● DESCRIPTION OF THE TASK:
Omitting all images, output the entries that follow exactly as written.

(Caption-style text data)

#####

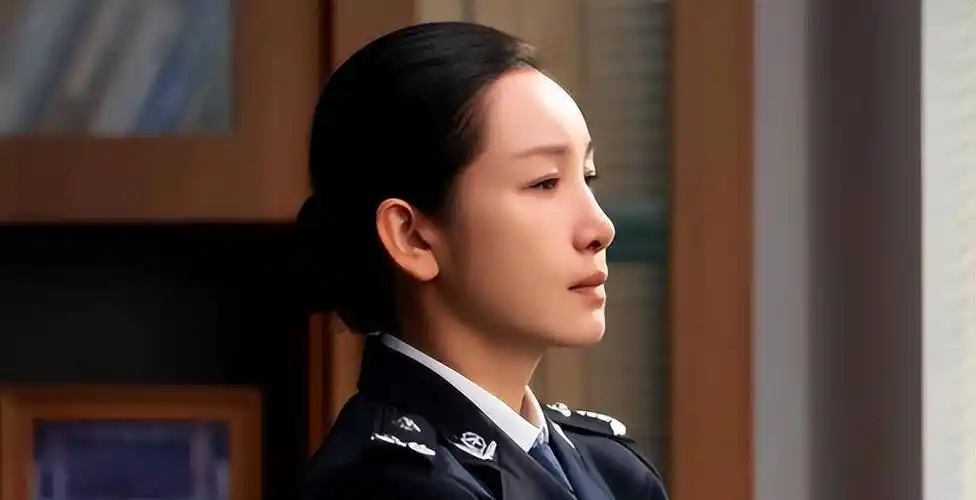 刘涛对比吴越太尴尬,90后小花比美尽显拉垮_角色_造型_杨颖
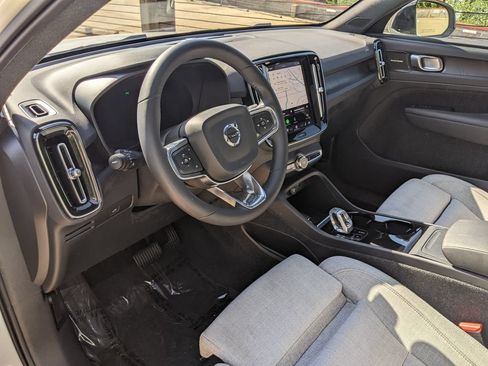 Certified 2023 Volvo C40 P8 Recharge Ultimate AWD/4WD image 8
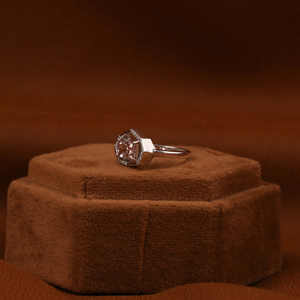 Bague de fiançailles sur mesure en plaqué or massif 14KT Style tendance Coupe rayonnante Lab Grown Pink Diamond IGI Certified-Fine Rings - Product Image 3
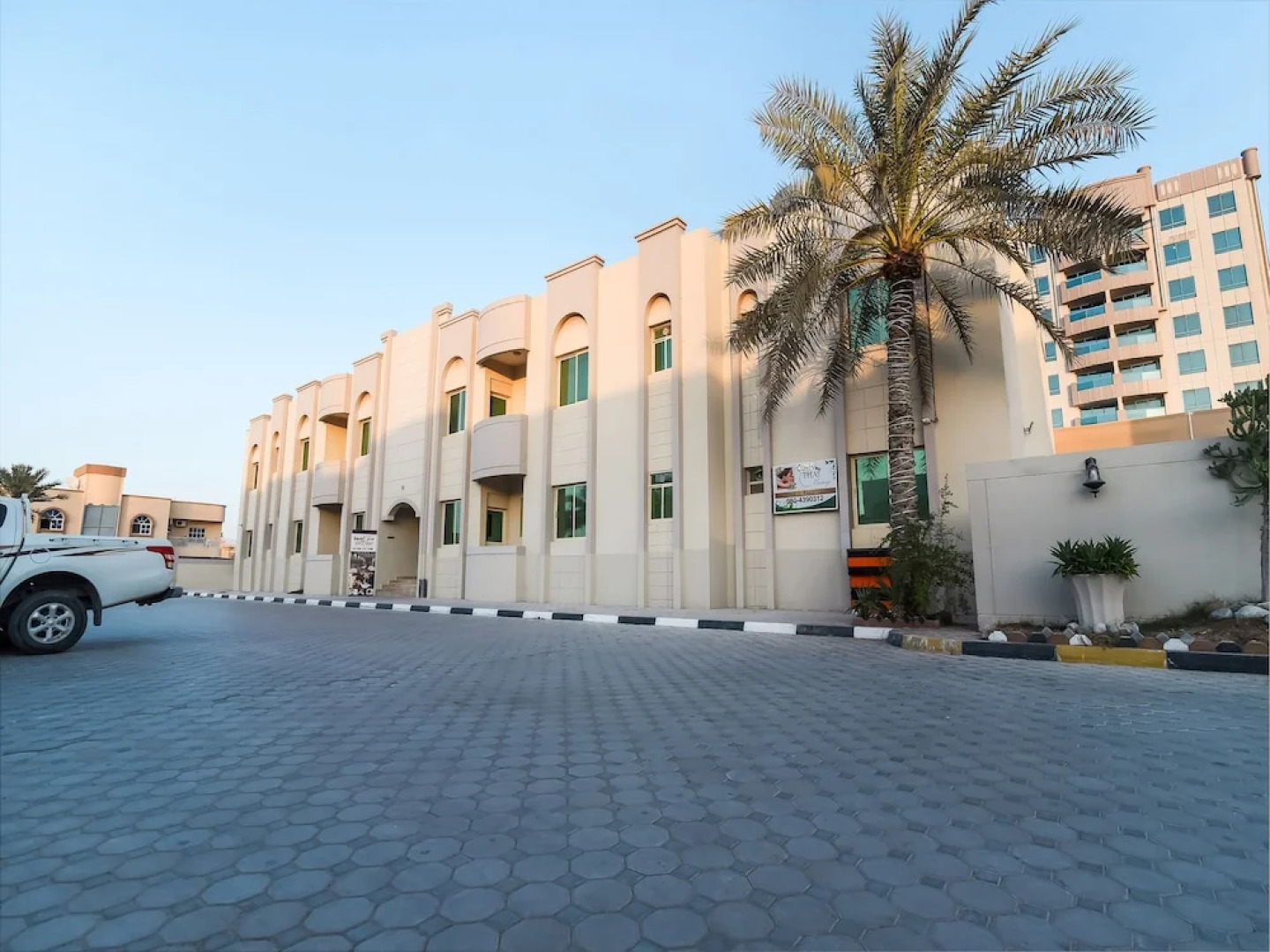 Oasis Hotel Apartment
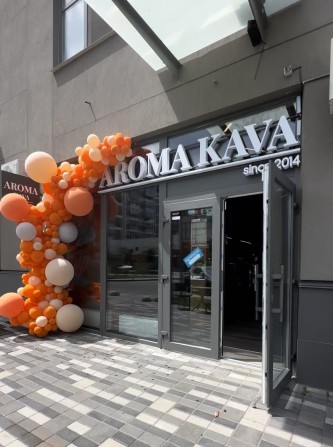 ЖК «Варшавський мікрорайон» нежитлове приміщення з орендарями.
Київ, в - фото 1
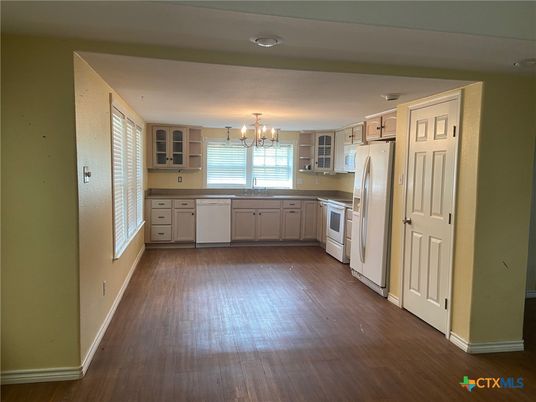 Chandelier, Interior, Kitchen, Wood Texture Flooring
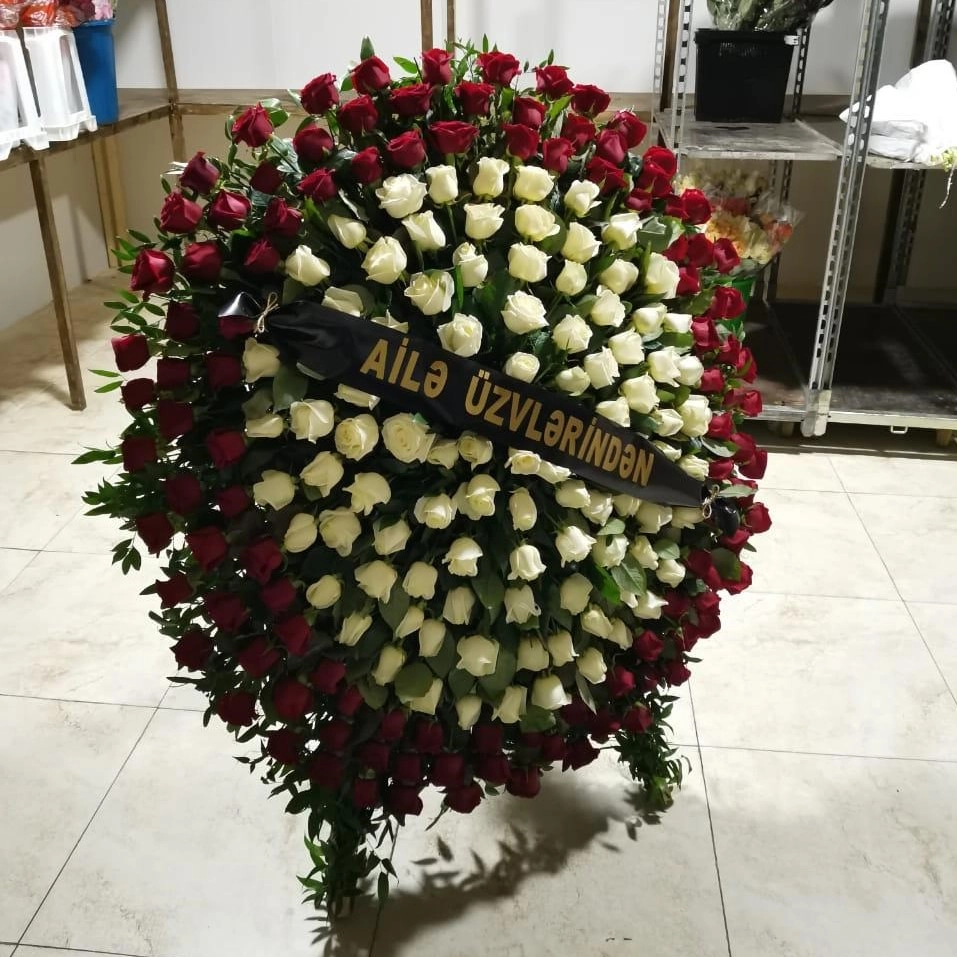 Ağ və qırmızı roza əklil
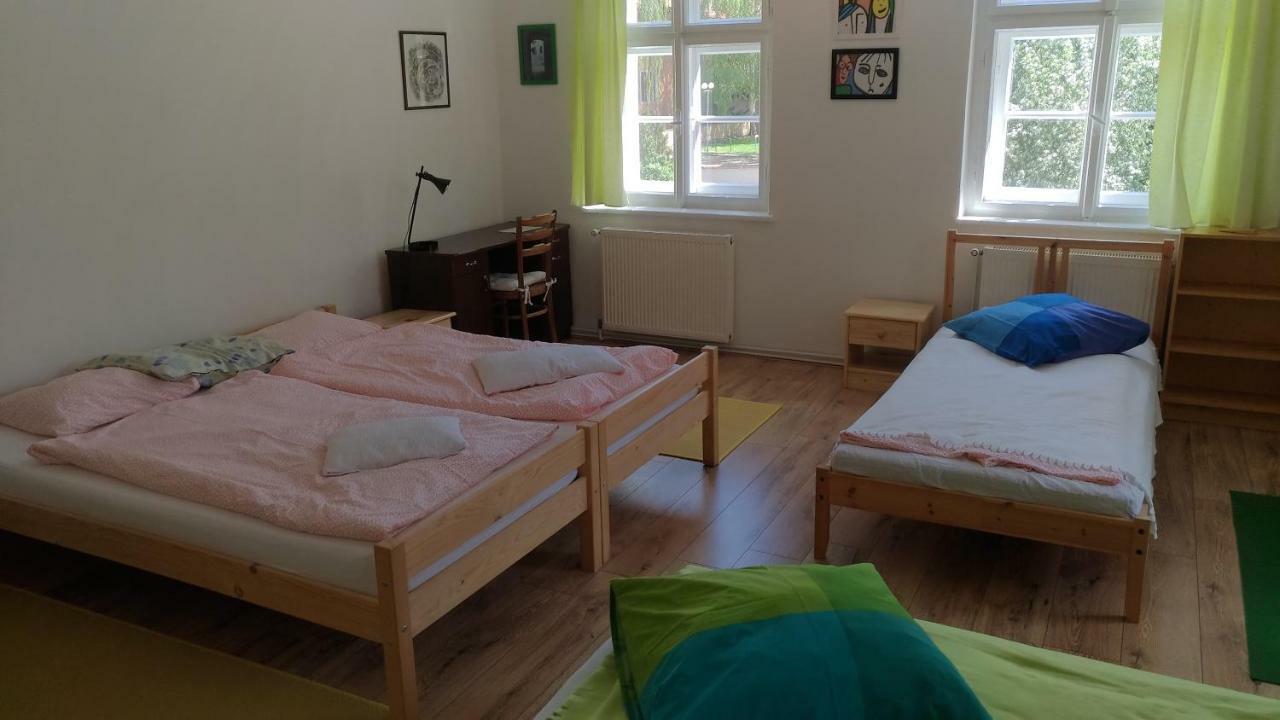 Skromny Apartman V Centru Chebu מראה חיצוני תמונה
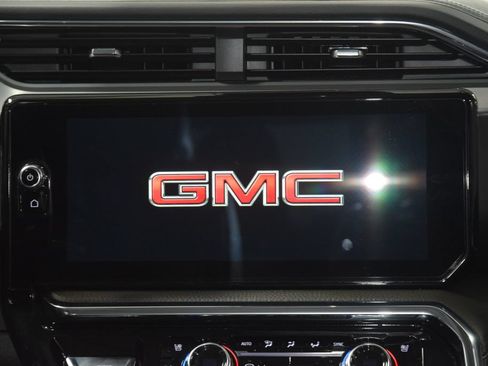 Used 2025 GMC Sierra 3500 Denali w/ Denali Reserve Package AWD/4WD image 32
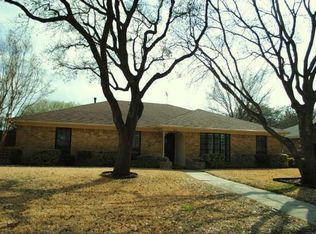 904 Hillsdale Dr, Richardson, TX 75081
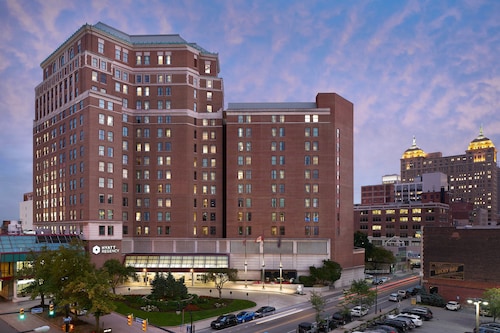 Hyatt Regency Buffalo / Hotel and Conference Center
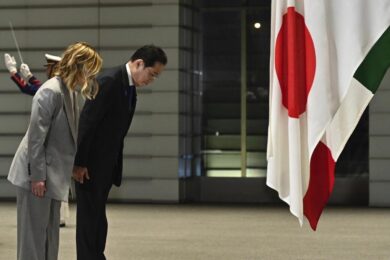 Cina contro il G7 dopo la visita di Meloni a Tokyo: “Strumento egemonico Usa”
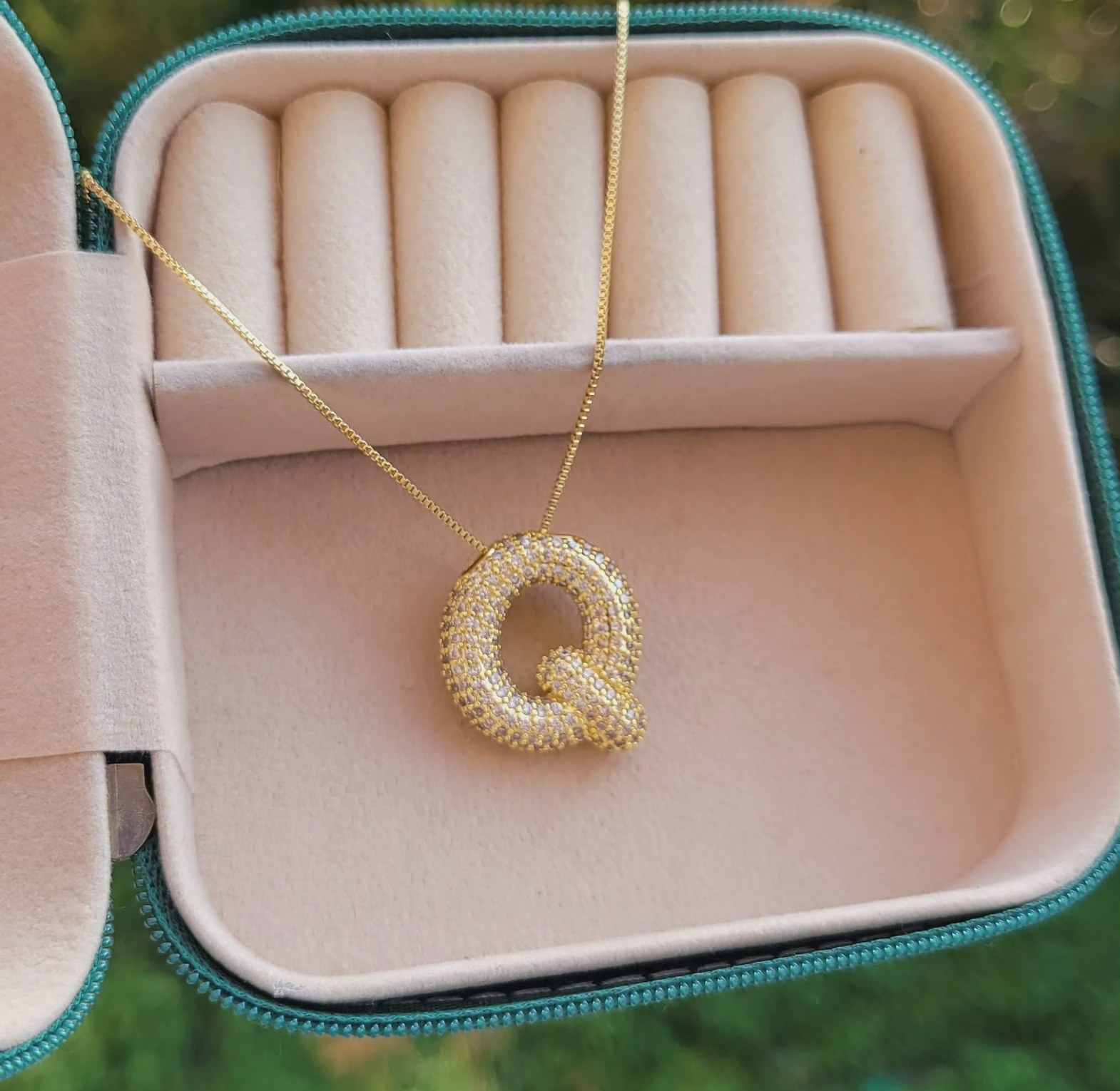 Letter Q image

#####

● SOLVED EXERCISE:
 刘涛对比吴越太尴尬,90后小花比美尽显拉垮_角色_造型_杨颖
 Certified 2023 Volvo C40 P8 Recharge Ultimate AWD/4WD image 8
 Bague de fiançailles sur mesure en plaqué or massif 14KT Style tendance Coupe rayonnante Lab Grown Pink Diamond IGI Certified-Fine Rings - Product Image 3
 Oasis Hotel Apartment
 ЖК «Варшавський мікрорайон» нежитлове приміщення з орендарями.
Київ, в - фото 1
 Chandelier, Interior, Kitchen, Wood Texture Flooring
 Ağ və qırmızı roza əklil
 Skromny Apartman V Centru Chebu מראה חיצוני תמונה
 Used 2025 GMC Sierra 3500 Denali w/ Denali Reserve Package AWD/4WD image 32
 904 Hillsdale Dr, Richardson, TX 75081
 Hyatt Regency Buffalo / Hotel and Conference Center
 Cina contro il G7 dopo la visita di Meloni a Tokyo: “Strumento egemonico Usa”
 Letter Q image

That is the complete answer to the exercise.